The bitterness comes from the cherry peppers, which don’t bring any heat, but only a mild taste and toothsome texture, with just a hint of bitterness that suggests they’ve been cooked slightly too long.
Inside of these guys are the capers, olives and garlic. All three perform exactly how you’d expect – the olives and capers bring their salty, pungent taste and the garlic sneaks up behind you the moment you swallow to put a little bit of fire on the tongue. The result is very edible. Overall the stuffed peppers are much more mild than olives or capers are on their own, much more flavorful than garlic, and much more complex and interesting than simple cherry peppers. All together, they make for a nice little antipasta – perfect for throwing on the side of some pasta or lamb.
Almost perfect, I should say.
As nice as they are, I have a serious problem with how oily these peppers are. What I thought was a pickle brine at first glace, turns out to be sunflower oil – thick and viscous, with a slightly nutty taste and a smell that starts fills the room as soon as you open the jar. We are talking about a heavy, heavy oil here, and it coats the peppers in a permanent glaze. Drip, dab or wipe a pepper all you want, and it will still glisten with a fine oily sheen. I’m not kidding – my fingers are slipping all over the keyboard as I write this. My girlfriend as a jar of oil she uses on her air, a mixture of coconut oil, argan oil, and macadamia oil, that is less oily than the oil in this jar.

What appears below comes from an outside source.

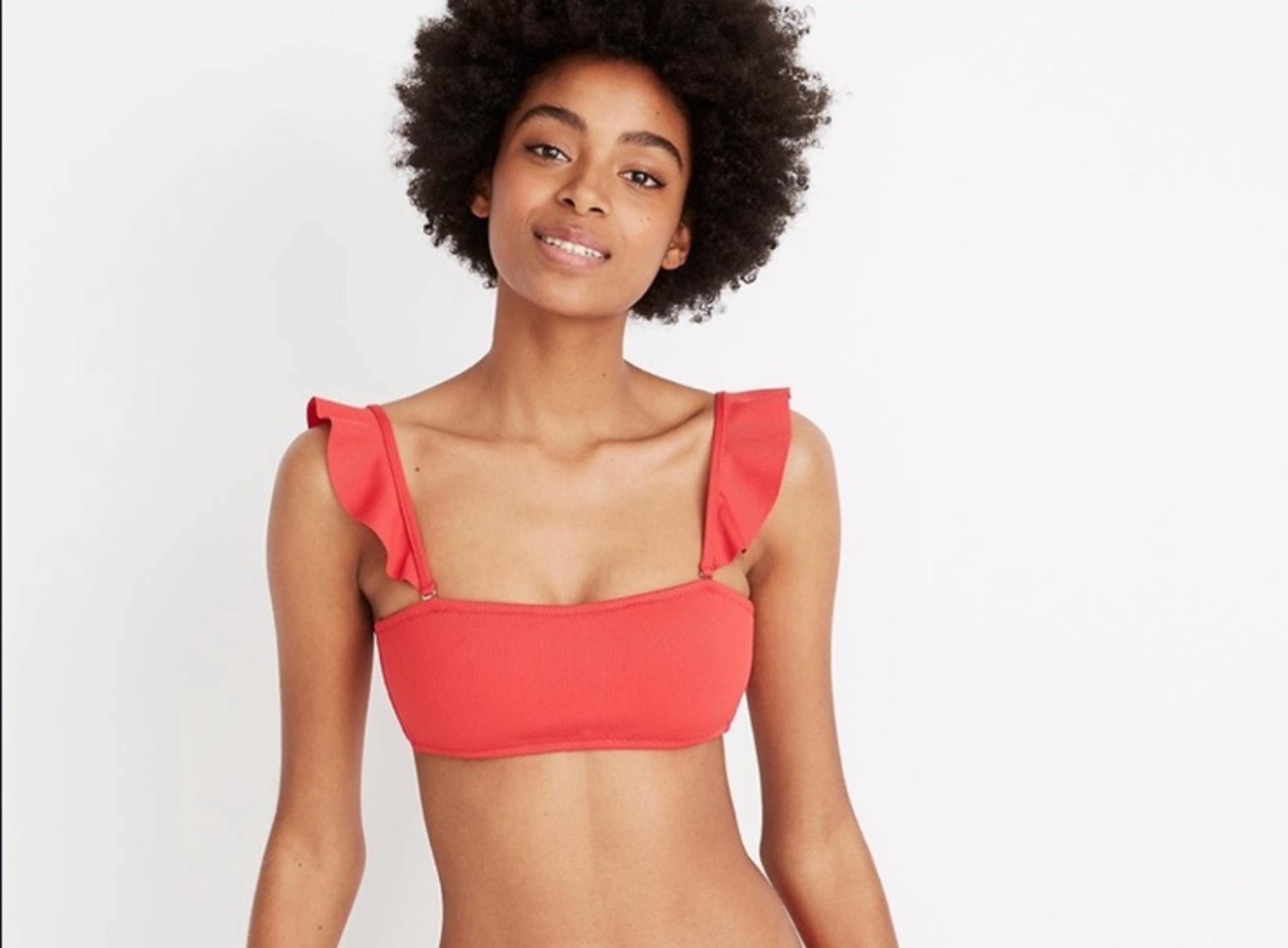 Madewell Second Wave Ribbed Ruffle-Strap Bandeau Bikini TOP ONLY Size XXS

Evidence of the oil’s impact is visible in the nutrition facts – each 4 pepper serving contains only 60 calories, but 40 of those calories are from fat. That’s a huge amount of fat to cram into what are, otherwise, nothing but vegetables. The sunflower oil also imparts its own flavor on the peppers – imbuing the whole thing with a nuttiness that doesn’t fit in with the rest of the flavor profile.
I do like these stuffed peppers, and I’d love to snack down on them, but there really doesn’t seem to be a good way to do that. It’s tricky to fish the peppers out of the jar without them falling apart – trying to get the oil off of them without ruining their delicate construction is even harder. Leaving the oil on is always, an option, but the result is a big pool of oil on your plate or running down your finger. That’s not the end of the world, obviously, but it does limit how you eat and serve them.
Between the very pretty packaging and the beautifully stuffed peppers, this is dish looks wonderful in the jar sitting on your self. Unless you have a pressing need for antipasta, however, I’d recommend leaving them there.
Would I Recommend It: Not really – it’s okay, but not worth the hassle.
Woudl I Buy It Again: No, it’s much too oily for me.
Final Synopsis: Very nice as décor – not as good as food.